Captioned web image data
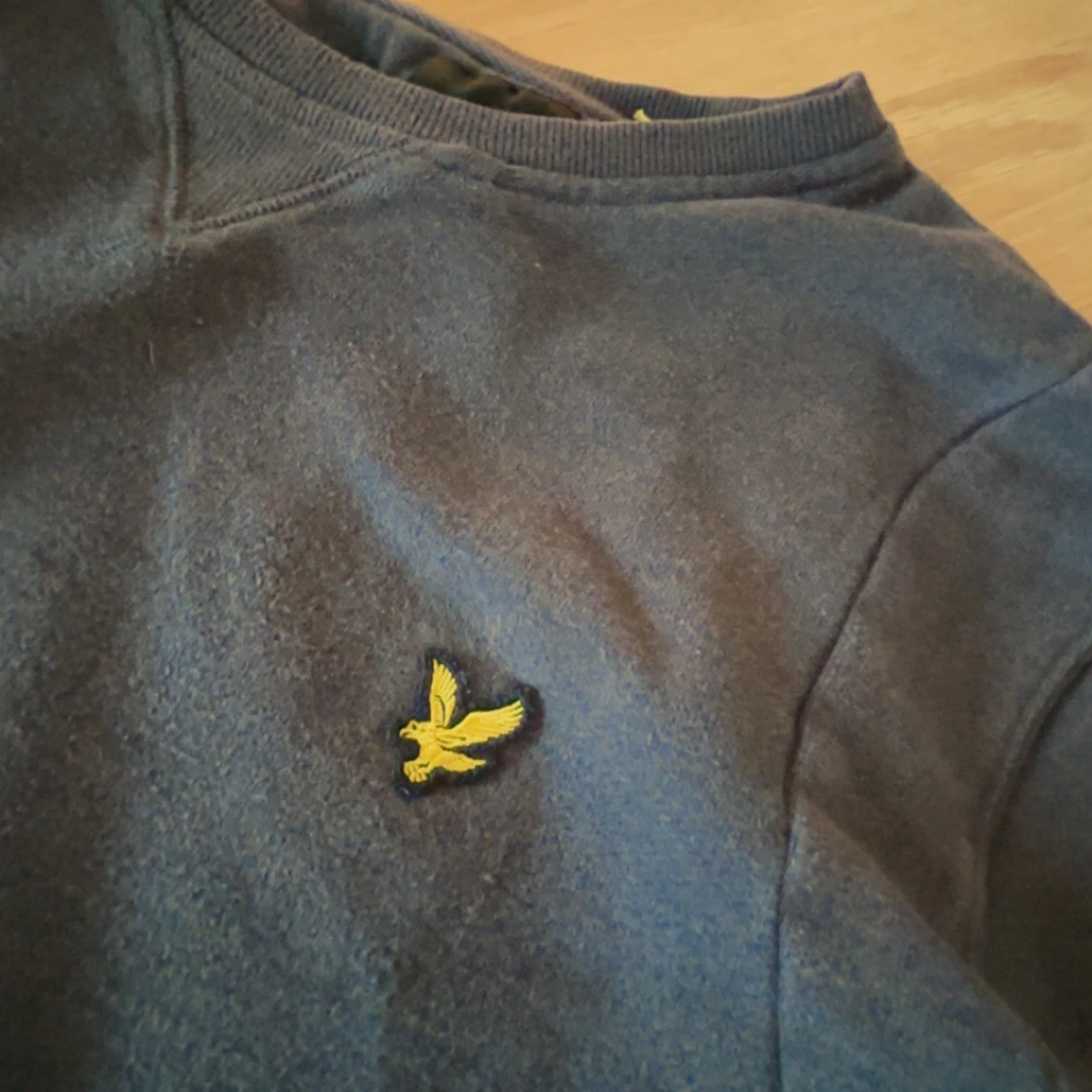 Mörkblå sweatshirt från Lyle & Scott - 2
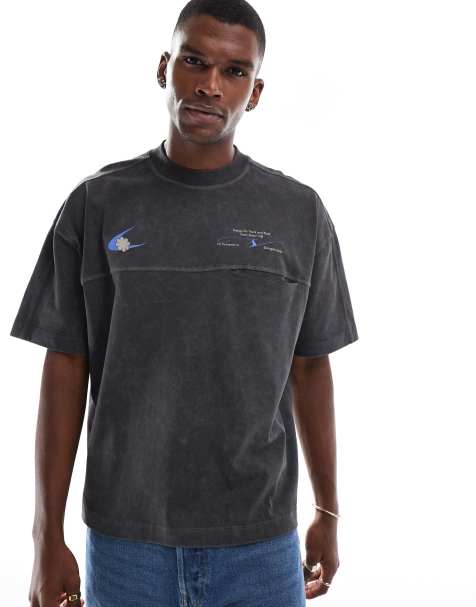 ASOS DESIGN - Sort T-shirt i kraftigt 220 gsm-materiale med firkantet og oversized pasform samt lomme og sportsgrafik - view 1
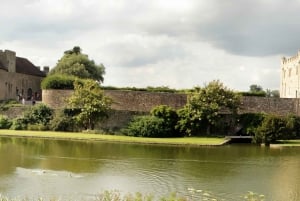 ドーバーからカンタベリーとリーズ城を経由してロンドンとヒースローへ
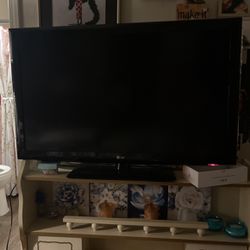 LG 50 Inch Flat Screen With Stand/remote Smart Tv 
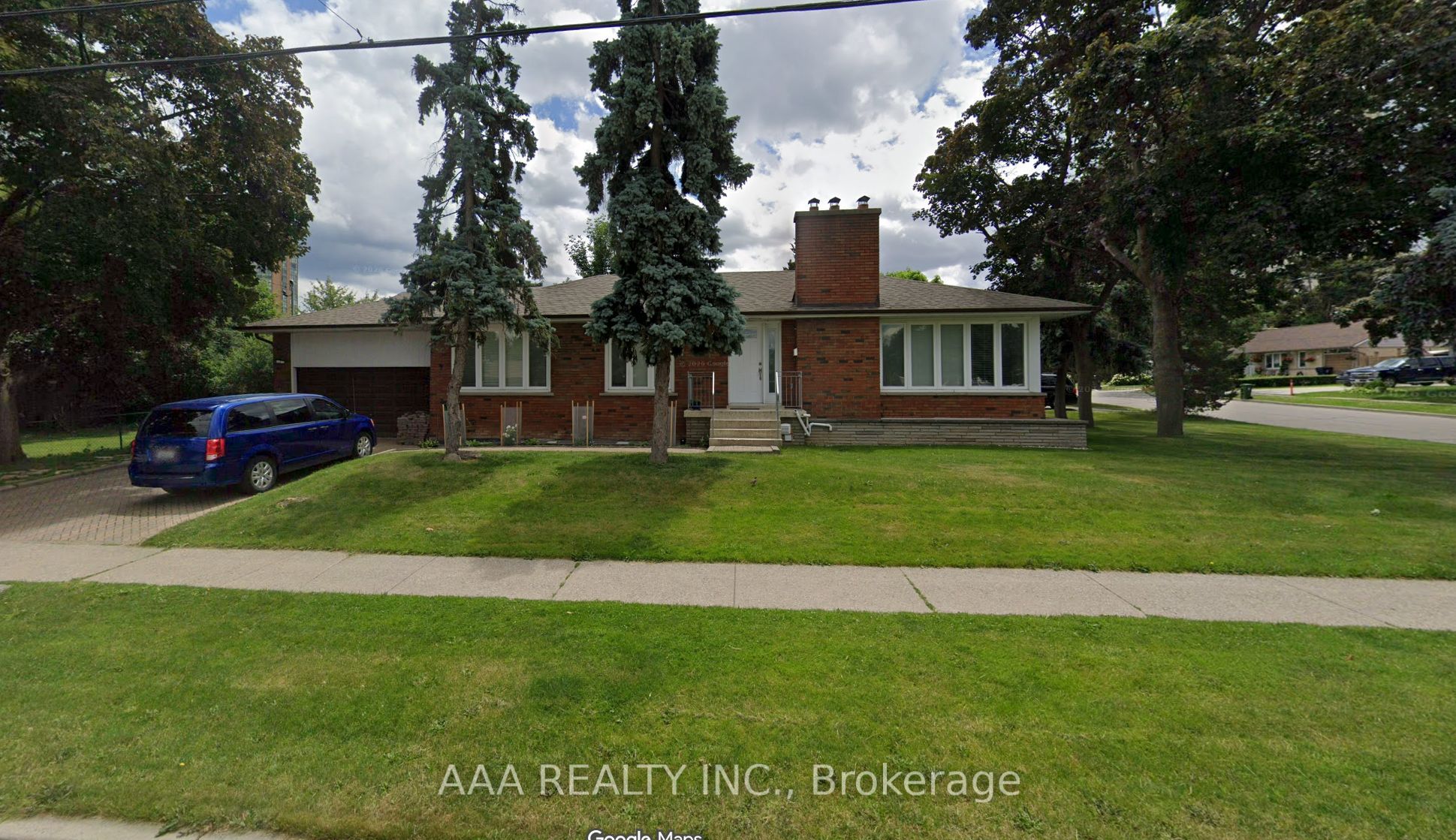 Photo 1 of 21 — 27 Kingsview Boulevard 1 (Lower Level), Toronto, ON M9R 1T5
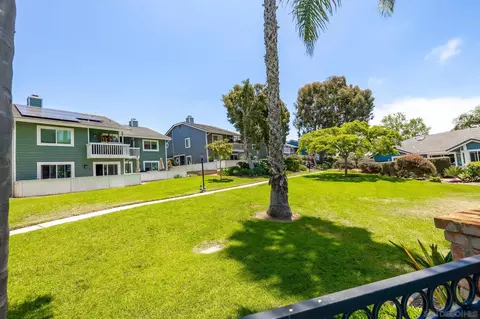 Exterior - 677 Summer View Cir, Encinitas, CA 92024 photo 12 of 15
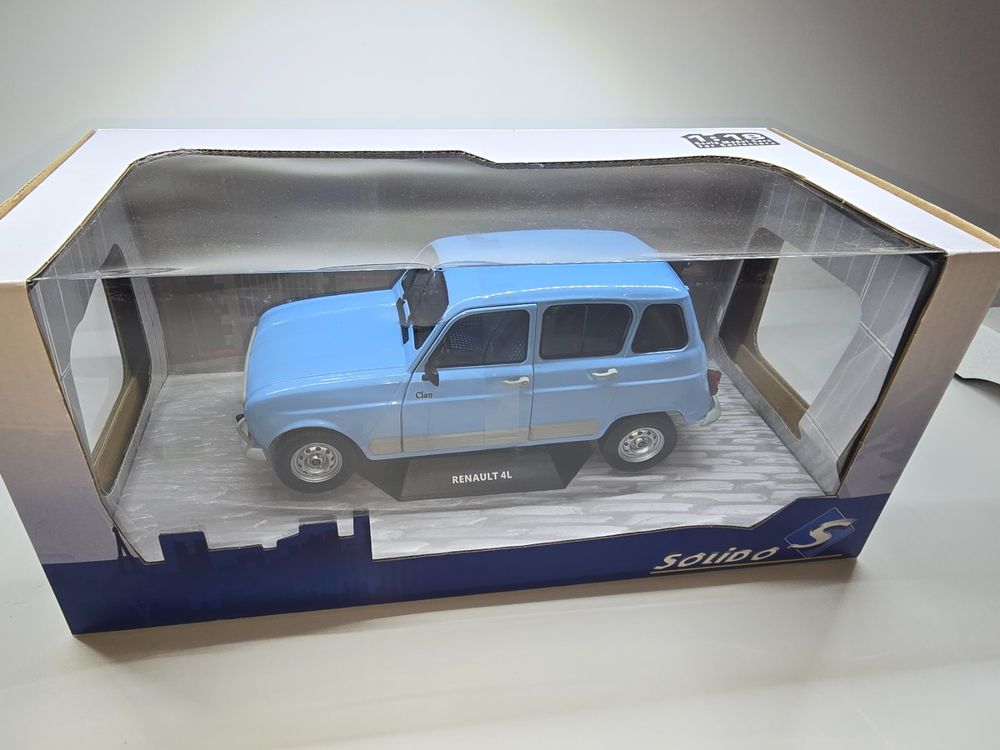 Voiture miniature Renault Safrane - Collection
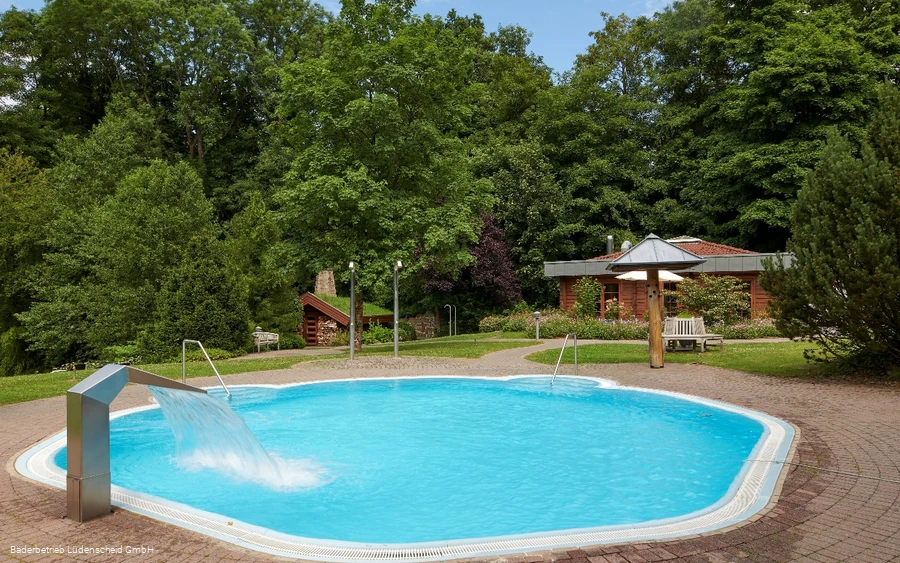 Wasserbecken Wasserbecken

- **TRY IT**: All lines from the one containing "ドーバーからカンタベリーとリーズ城を経由してロンドンとヒースローへ" through the end of the data are to be restated exactly, with nothing else and without the pictures.

- **SOLUTION FOR THIS EXERCISE**:
 ドーバーからカンタベリーとリーズ城を経由してロンドンとヒースローへ
 LG 50 Inch Flat Screen With Stand/remote Smart Tv 
 Photo 1 of 21 — 27 Kingsview Boulevard 1 (Lower Level), Toronto, ON M9R 1T5
 Exterior - 677 Summer View Cir, Encinitas, CA 92024 photo 12 of 15
 Voiture miniature Renault Safrane - Collection
 Wasserbecken Wasserbecken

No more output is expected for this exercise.